At least 200 homes in the Anthem-New River area and more than 7,200 homes Phoenix-wide could be affected by new short-term rental rules that the Phoenix City Council will consider later this month.
Last week, city administration released its proposed new rules and asked the council to schedule a hearing on them for Sept. 20.
While a council subcommittee initially approved some new regulations for landlords last June, it also directed staff to consider requiring landlords to conduct background checks on their clients.
The new regulations come as municipalities across Arizona prepare to do battle with the state Legislature next year for more control over short-term rentals.
Whereas the legislature then the government.
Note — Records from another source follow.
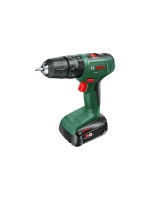 Bosch Perceuse-visseuse sans fil EasyImpact 18 V-40 1 x batterie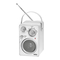 Radio AEG MR 4144 Instrucciones De Servicio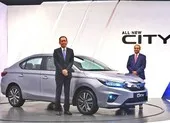 Honda City 2020 sẽ về Việt Nam với giá 339 triệu?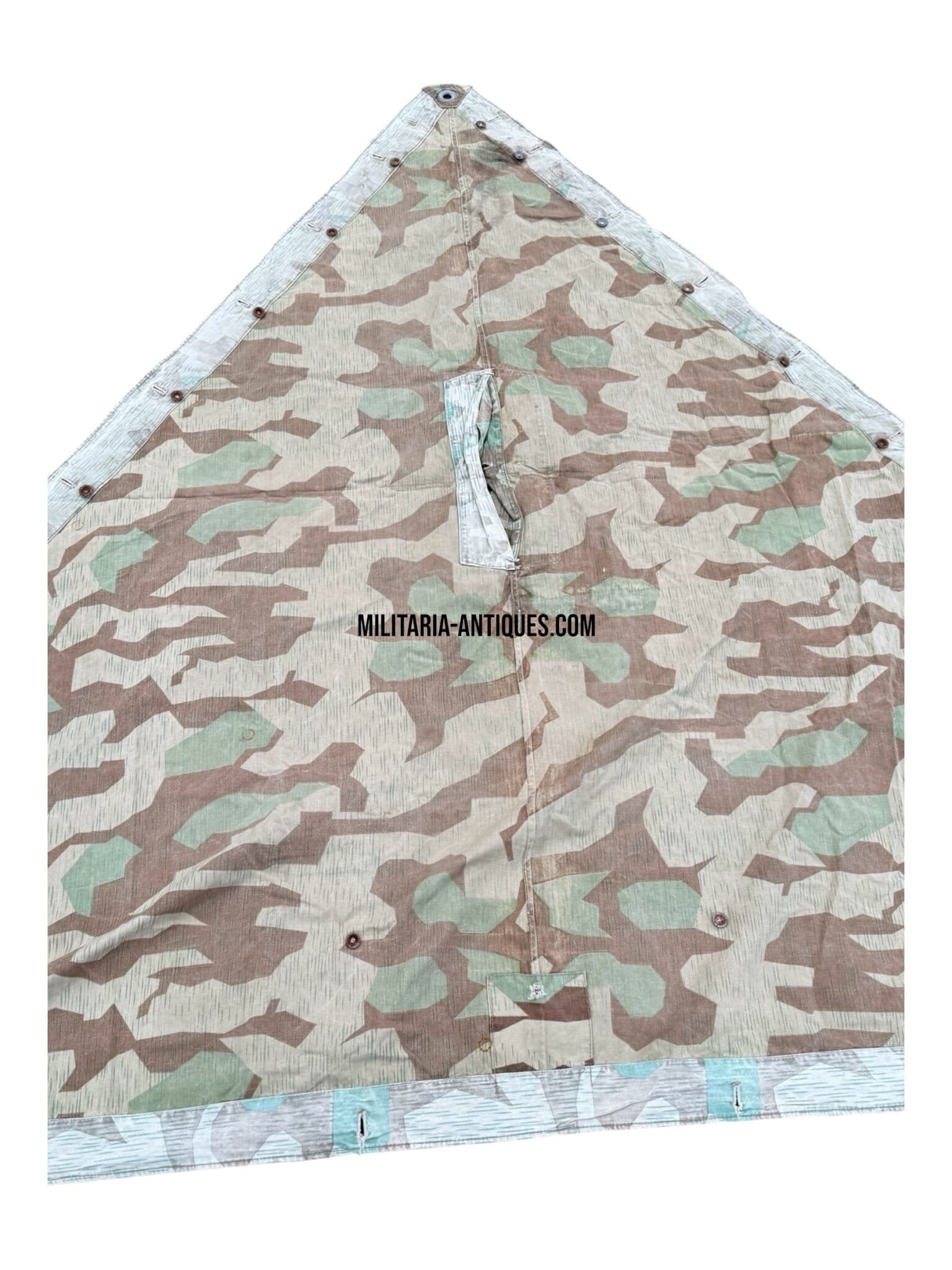 Zeltbahn 1945 — image 3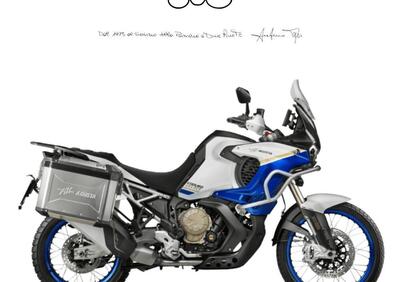 MV Agusta LXP Enduro Veloce (2026) - Annuncio 9876516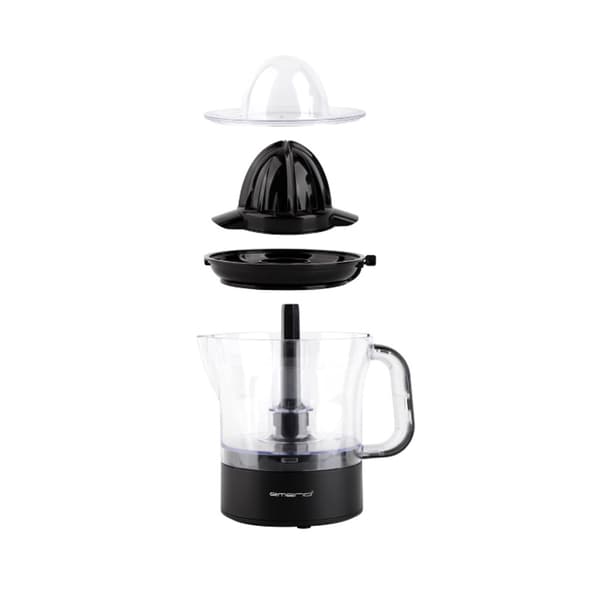 Emerio citruspresser / saftpresser / citruspresser 70 ml 40 W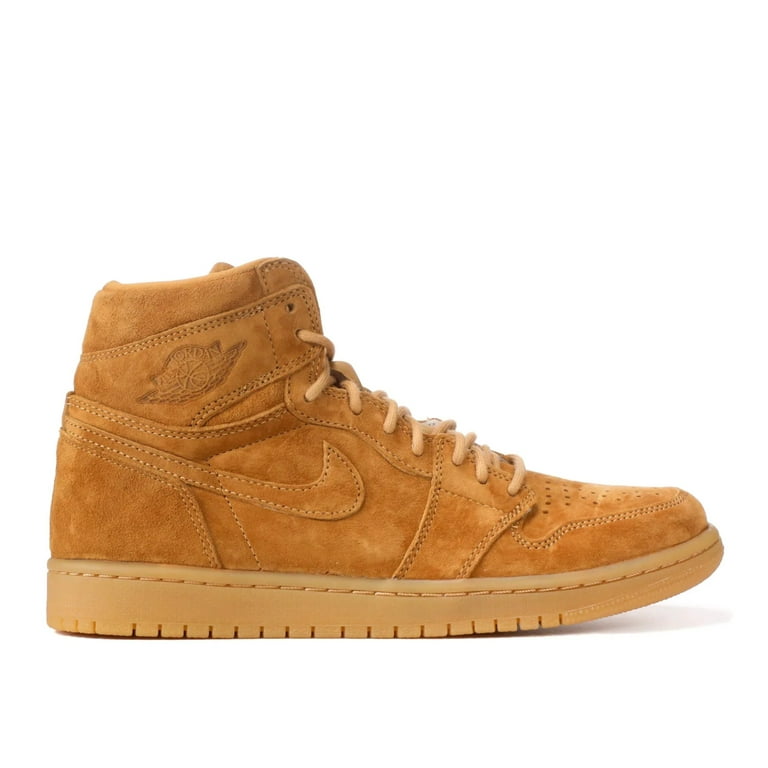 Air jordan 1 store golden harvest
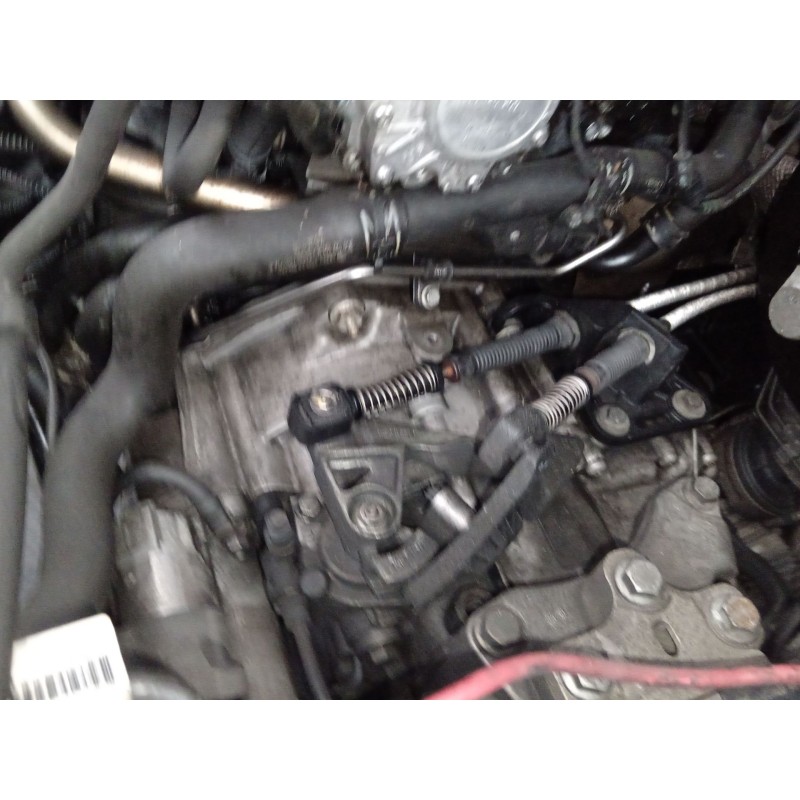 Recambio de caja cambios para volkswagen passat b6 variant (3c5) 2.0 tdi 16v 4motion referencia OEM IAM KDL  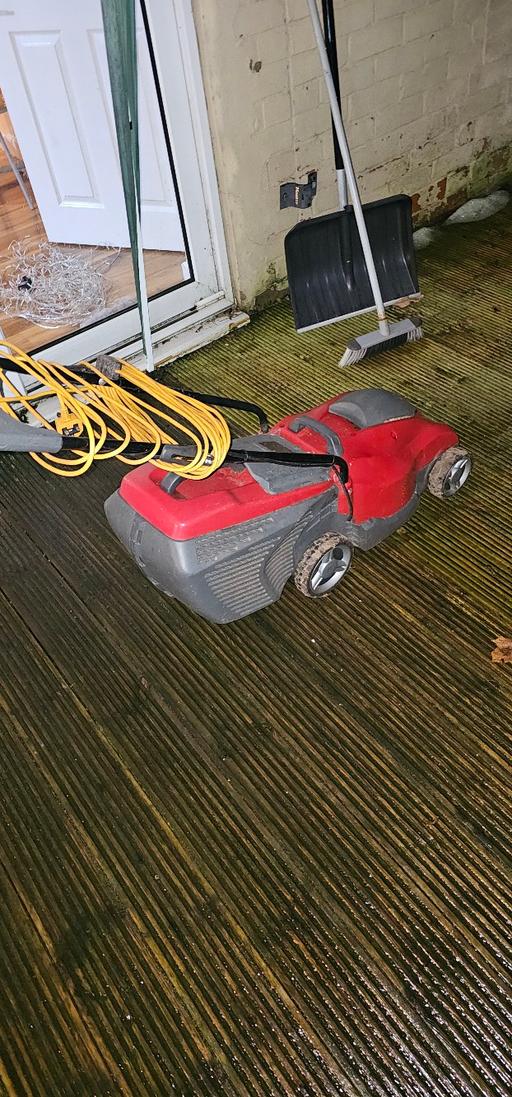 Buy & Sell South Yorkshire Doncaster - Photos for Grass trimmer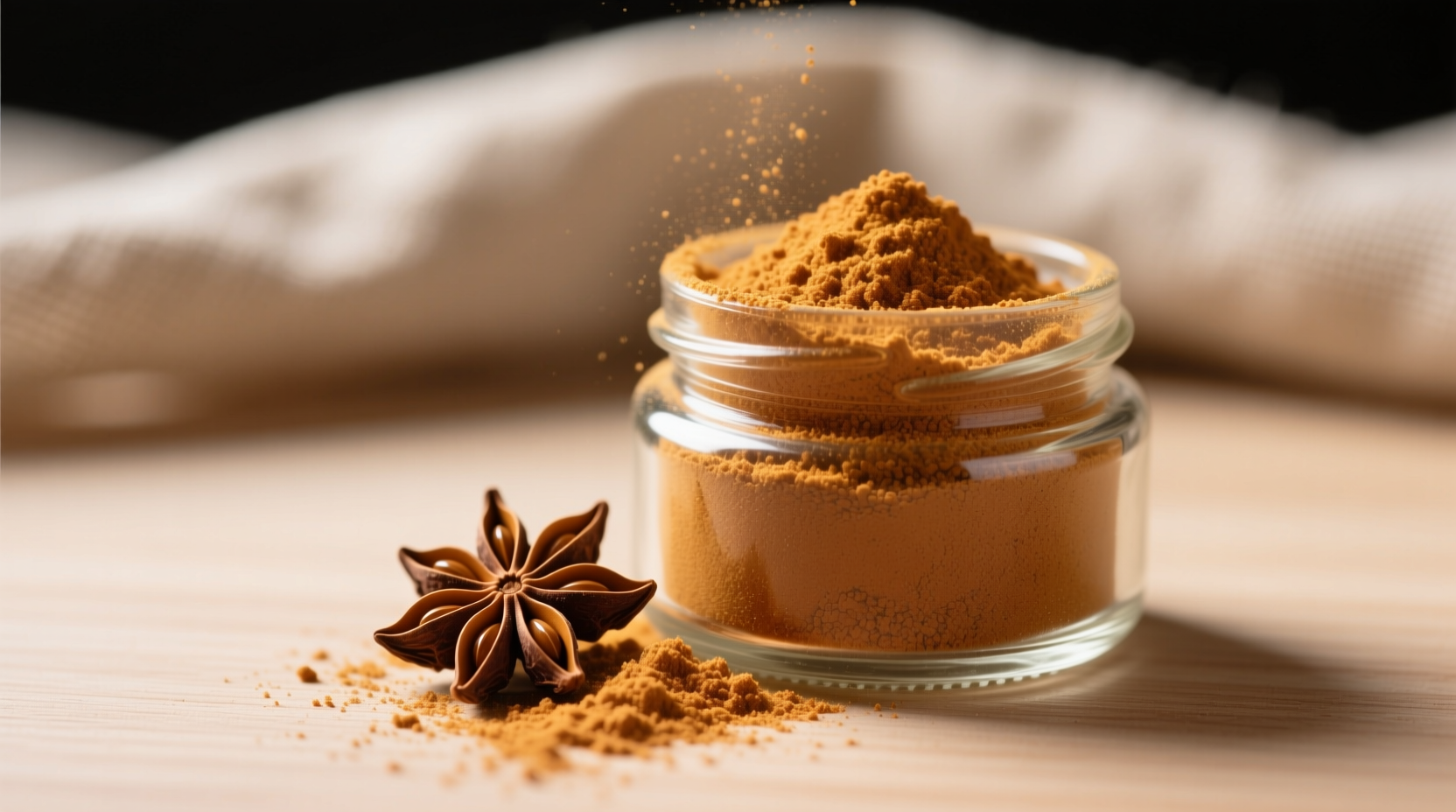 star anise powder why organic doesn t matter for home cooking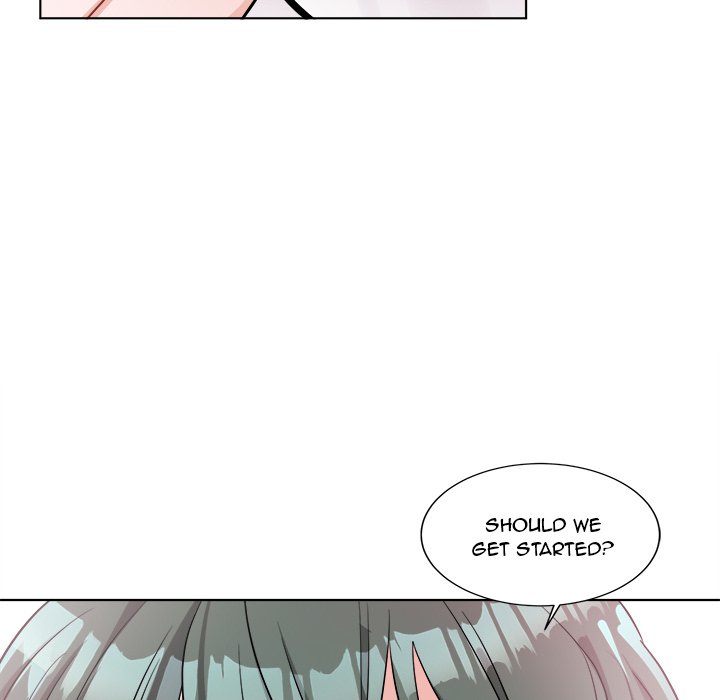 Pheromone Sherbet♥ - Chapter 21 Page 20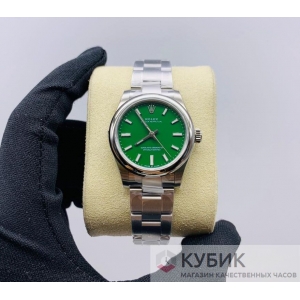 Rolex Oyster Perpetual 31 (код 279) Дубликат LUX Rolex Oyster Perpetual 31 (код 279) Дубликат LUX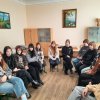 Інтерактивне заняття «Як протидіяти тиску або вміння казати “ні”»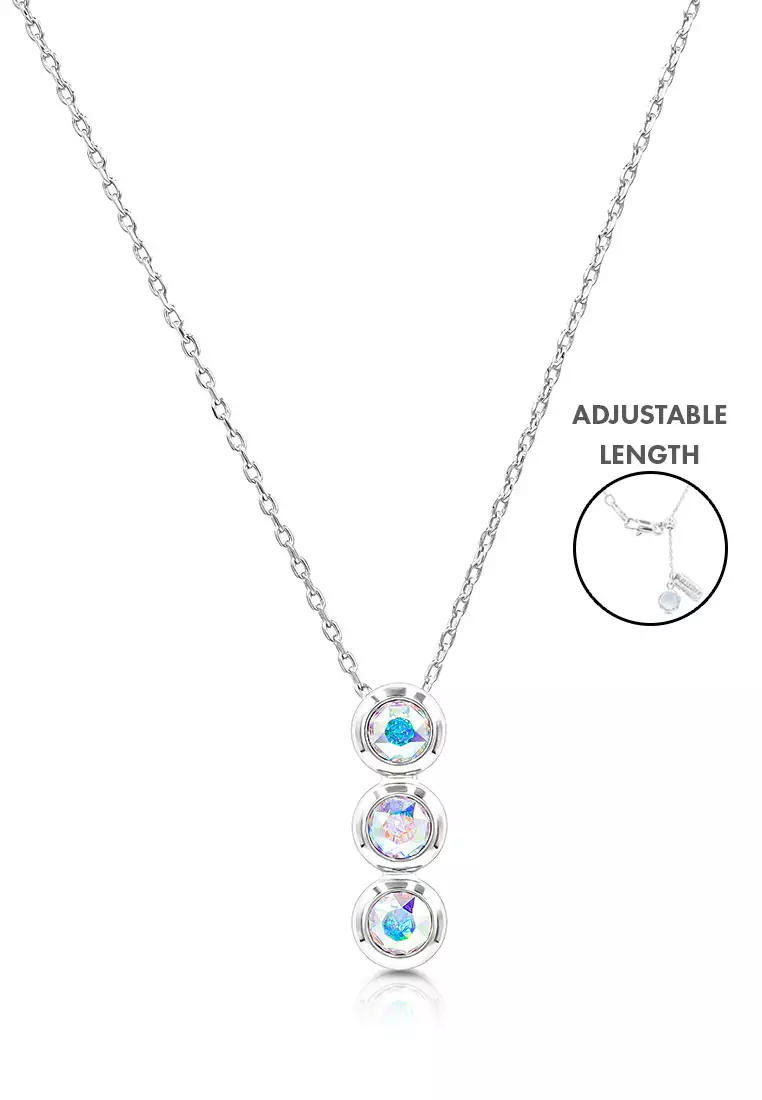 Buy SO SEOUL SO SEOUL Bella Classic Triple Aurore Boreale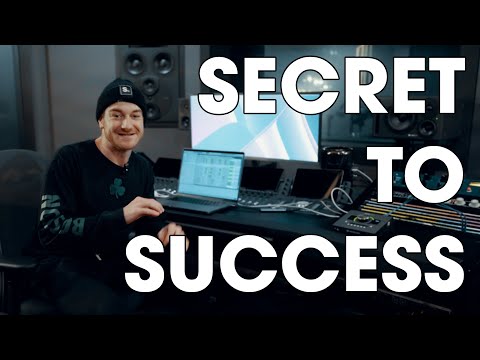 THE BEST KEPT SECRET IN THE MUSIC INDUSTRY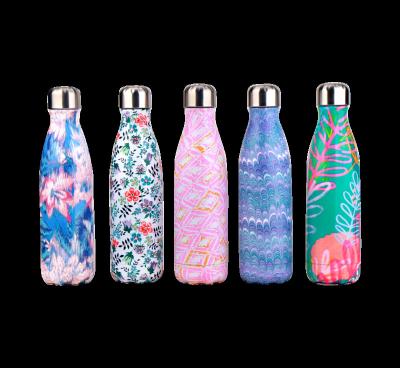 China Viable wholesale china supplier insulated water bottle kola shaped fitness water bottle sport water bottle with custom logo for sale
Doug Ducey stripped municipalities of any control over short-term rentals, leading to increased complaints about rowdy and sometimes violent behavior by renters, convincing lawmakers to return some control to cities and towns.
Last year, the Legislature allowed them to go through the permitting process and impose fines of up to $1,000 a month for failure to register.
The 2022 law also allowed municipalities to impose some fees for administrative costs and enact some other regulations.
What the Phoenix administration calls a “very limited permitting/licensing process” is largely intended to help municipalities “collect better data regarding short-term rentals with minimal modifications to the ability to regulate these types of uses,” the council report said.
The proposed regulations would require the owner to pay a $250 application fee for a one-year permit, obtain liability insurance of at least $500,000, and obtain a transaction franchise tax license from the city.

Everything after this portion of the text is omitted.